§ Available data
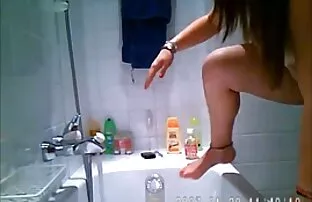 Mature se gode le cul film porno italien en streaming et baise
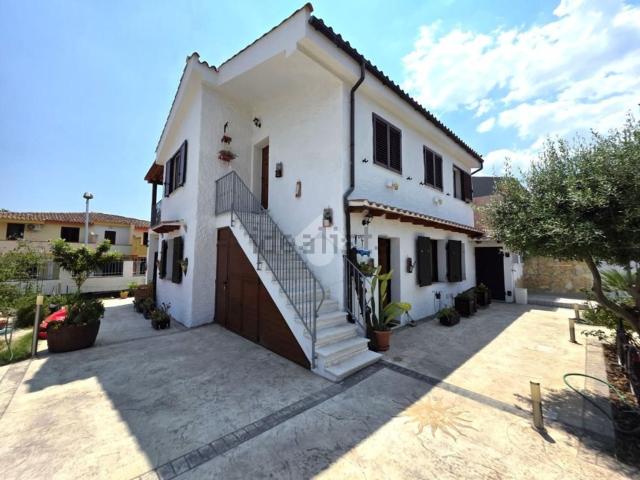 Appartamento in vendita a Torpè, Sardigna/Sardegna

* * *

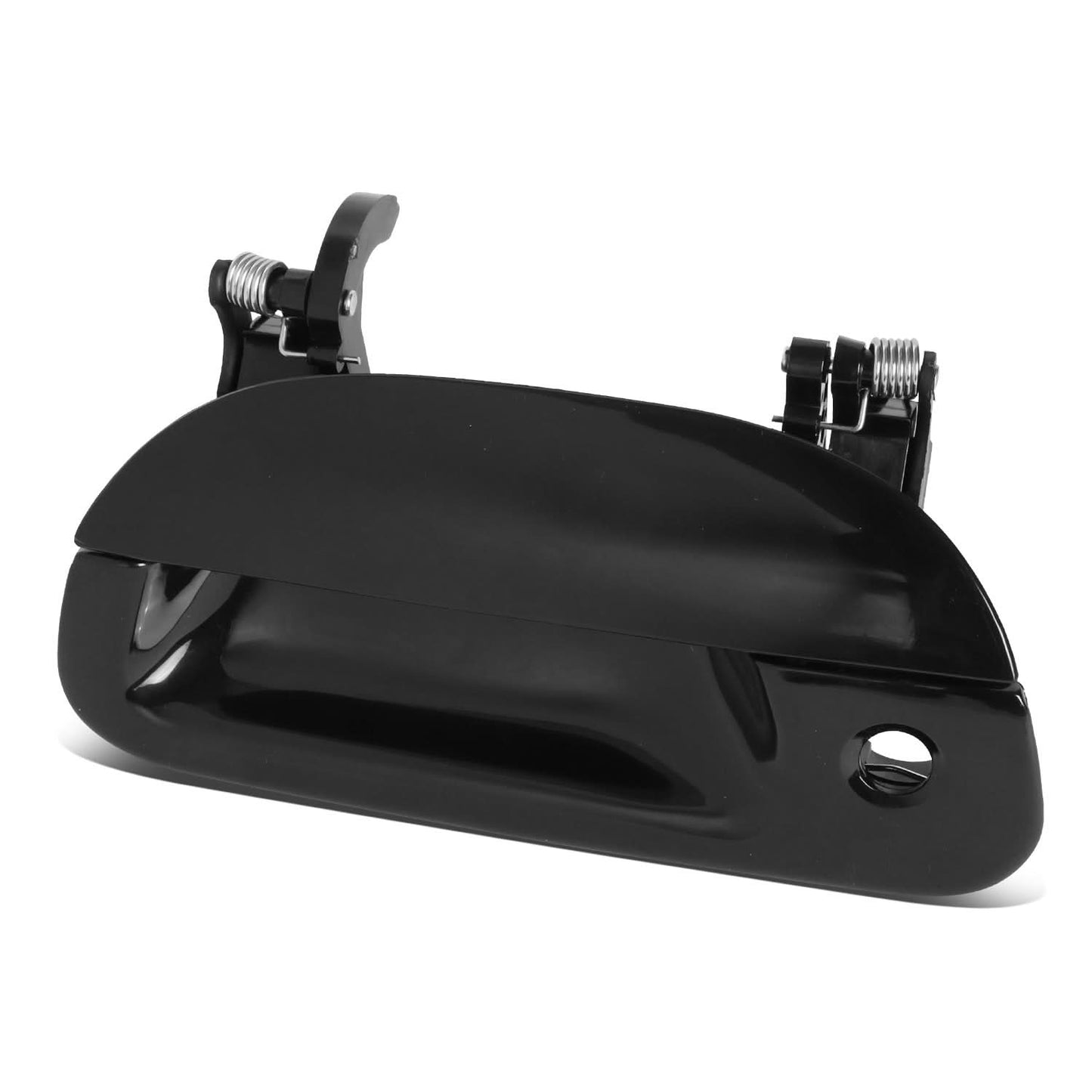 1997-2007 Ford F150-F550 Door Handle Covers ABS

§ Exercise directions
Nothing but the lines from the one with "Mature se gode" to the one with "Appartamento in vendita" above, both included, should be transcribed, exactly and without pictures.

§ Solution for this exercise
 Mature se gode le cul film porno italien en streaming et baise
 Appartamento in vendita a Torpè, Sardigna/Sardegna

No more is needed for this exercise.